Groups | Search | Server Info | Keyboard shortcuts | Login | Register [http] [https] [nntp] [nntps]


Groups > comp.lang.python > #66507 > unrolled thread

Re: random.sample with large weighted sample-sets?

Started byBen Finney <ben+python@benfinney.id.au>
First post2014-02-16 16:08 +1100
Last post2014-02-16 17:38 +0000
Articles 4 — 3 participants

Back to article view | Back to comp.lang.python

This discussion starts older than the indexed window; earlier articles aren't shown. The article labeled Started by below is the oldest one visible, not the original post.


Contents

  Re: random.sample with large weighted sample-sets? Ben Finney <ben+python@benfinney.id.au> - 2014-02-16 16:08 +1100
    Re: random.sample with large weighted sample-sets? duncan smith <buzzard@invalid.invalid> - 2014-02-16 16:01 +0000
    Re: random.sample with large weighted sample-sets? Charles Allen <ca137tmp@earthlink.net> - 2014-02-16 10:35 -0600
      Re: random.sample with large weighted sample-sets? duncan smith <buzzard@invalid.invalid> - 2014-02-16 17:38 +0000

#66507 — Re: random.sample with large weighted sample-sets?
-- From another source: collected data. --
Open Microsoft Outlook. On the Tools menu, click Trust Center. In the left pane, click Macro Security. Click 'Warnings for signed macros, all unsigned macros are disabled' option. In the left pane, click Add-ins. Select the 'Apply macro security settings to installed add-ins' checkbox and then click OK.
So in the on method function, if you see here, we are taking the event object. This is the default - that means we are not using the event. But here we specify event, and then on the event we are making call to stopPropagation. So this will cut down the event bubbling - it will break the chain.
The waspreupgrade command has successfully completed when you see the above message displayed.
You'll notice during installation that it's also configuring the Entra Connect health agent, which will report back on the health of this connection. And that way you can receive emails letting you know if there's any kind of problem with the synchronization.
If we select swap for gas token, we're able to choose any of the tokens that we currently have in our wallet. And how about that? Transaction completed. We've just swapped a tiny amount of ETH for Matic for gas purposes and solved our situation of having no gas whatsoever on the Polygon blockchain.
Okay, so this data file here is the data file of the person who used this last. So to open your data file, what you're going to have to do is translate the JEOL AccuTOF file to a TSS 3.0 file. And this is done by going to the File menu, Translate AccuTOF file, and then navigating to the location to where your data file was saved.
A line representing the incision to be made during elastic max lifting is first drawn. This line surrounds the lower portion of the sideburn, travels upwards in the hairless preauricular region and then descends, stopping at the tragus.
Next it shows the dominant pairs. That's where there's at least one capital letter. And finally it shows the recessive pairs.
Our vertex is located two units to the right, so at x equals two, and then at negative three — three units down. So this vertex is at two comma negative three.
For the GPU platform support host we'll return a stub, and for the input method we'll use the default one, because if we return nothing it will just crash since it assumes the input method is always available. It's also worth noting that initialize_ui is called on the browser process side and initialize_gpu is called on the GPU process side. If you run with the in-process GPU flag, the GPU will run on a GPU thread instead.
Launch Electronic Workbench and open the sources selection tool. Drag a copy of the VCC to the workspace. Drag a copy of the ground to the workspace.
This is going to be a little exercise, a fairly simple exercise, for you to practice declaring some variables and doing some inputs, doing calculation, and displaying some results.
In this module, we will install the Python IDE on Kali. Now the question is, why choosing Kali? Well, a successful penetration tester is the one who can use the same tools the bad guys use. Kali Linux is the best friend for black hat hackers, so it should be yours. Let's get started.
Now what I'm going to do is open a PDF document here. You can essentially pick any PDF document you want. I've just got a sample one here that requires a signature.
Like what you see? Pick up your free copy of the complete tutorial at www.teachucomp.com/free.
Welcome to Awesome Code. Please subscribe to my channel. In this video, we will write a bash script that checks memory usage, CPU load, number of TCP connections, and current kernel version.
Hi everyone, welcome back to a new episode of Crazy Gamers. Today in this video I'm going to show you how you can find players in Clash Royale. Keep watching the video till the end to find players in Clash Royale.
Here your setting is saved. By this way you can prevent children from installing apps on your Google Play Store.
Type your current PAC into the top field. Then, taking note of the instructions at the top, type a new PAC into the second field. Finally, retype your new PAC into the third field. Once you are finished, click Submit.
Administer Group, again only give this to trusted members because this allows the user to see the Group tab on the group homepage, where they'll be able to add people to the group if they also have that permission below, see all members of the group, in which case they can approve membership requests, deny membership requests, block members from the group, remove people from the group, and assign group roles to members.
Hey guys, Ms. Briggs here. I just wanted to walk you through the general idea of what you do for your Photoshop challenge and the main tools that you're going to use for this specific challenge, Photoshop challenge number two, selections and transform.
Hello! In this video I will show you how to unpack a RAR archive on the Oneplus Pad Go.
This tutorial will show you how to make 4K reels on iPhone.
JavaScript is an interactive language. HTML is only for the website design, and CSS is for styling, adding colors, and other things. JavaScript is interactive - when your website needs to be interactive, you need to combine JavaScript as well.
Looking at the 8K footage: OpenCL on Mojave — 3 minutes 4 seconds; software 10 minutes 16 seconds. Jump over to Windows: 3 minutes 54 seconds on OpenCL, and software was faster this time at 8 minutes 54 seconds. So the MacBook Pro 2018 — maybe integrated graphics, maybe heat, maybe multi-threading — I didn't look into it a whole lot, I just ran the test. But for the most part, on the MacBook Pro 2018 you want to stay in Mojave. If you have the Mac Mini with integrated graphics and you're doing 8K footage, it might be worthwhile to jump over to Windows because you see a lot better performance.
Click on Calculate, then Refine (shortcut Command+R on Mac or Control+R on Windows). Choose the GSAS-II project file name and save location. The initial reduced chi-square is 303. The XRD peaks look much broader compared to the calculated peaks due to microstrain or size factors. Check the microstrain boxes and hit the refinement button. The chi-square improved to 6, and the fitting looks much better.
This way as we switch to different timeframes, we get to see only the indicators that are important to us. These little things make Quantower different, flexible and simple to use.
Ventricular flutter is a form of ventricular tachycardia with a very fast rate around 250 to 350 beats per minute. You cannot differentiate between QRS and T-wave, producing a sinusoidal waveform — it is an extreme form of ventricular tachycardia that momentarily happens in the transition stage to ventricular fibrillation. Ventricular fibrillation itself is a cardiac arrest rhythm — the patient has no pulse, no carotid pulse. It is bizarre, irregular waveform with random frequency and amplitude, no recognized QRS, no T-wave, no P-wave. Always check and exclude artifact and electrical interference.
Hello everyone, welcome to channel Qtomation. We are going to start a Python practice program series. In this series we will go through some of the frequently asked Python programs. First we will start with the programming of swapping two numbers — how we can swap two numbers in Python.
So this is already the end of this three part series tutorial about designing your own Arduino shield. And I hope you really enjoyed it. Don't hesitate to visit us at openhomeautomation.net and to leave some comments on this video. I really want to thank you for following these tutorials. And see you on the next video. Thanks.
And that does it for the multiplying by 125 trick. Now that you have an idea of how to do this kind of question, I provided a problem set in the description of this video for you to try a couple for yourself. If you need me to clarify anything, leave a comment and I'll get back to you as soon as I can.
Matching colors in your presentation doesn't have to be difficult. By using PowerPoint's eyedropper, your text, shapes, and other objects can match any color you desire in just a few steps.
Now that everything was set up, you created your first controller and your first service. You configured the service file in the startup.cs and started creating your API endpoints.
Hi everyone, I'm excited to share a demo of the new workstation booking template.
FromBen Finney <ben+python@benfinney.id.au>
Date2014-02-16 16:08 +1100
SubjectRe: random.sample with large weighted sample-sets?
Message-ID<mailman.7036.1392527326.18130.python-list@python.org>
Tim Chase <python.list@tim.thechases.com> writes:

> I'm not coming up with the right keywords to find what I'm hunting.
> I'd like to randomly sample a modestly compact list with weighted
> distributions, so I might have
>
>   data = (
>     ("apple", 20),
>     ("orange", 50),
>     ("grape", 30),
>     )

That's not a list, it's a tuple. I think you want a list.

When you want a sequence where each position has a semantic meaning, use
a tuple (such as ‘("apple", 20)’). Each item has a meaning *because of*
the position it's in; if the items were in a different order, they'd
mean different things.

When you want a sequence where the positions don't have a special
meaning – each item means exactly the same no matter if you change the
order – that's sometimes called a “homogeneous” sequence, and you want a
list.

So a “record” should be represented as a tuple, and a “table” of records
should be represented as a list of tuples:

    records = [
            ("apple", 20),
            ("orange", 50),
            ("grape", 30),
            ]

> and I'd like to random.sample() it as if it was a 100-element list.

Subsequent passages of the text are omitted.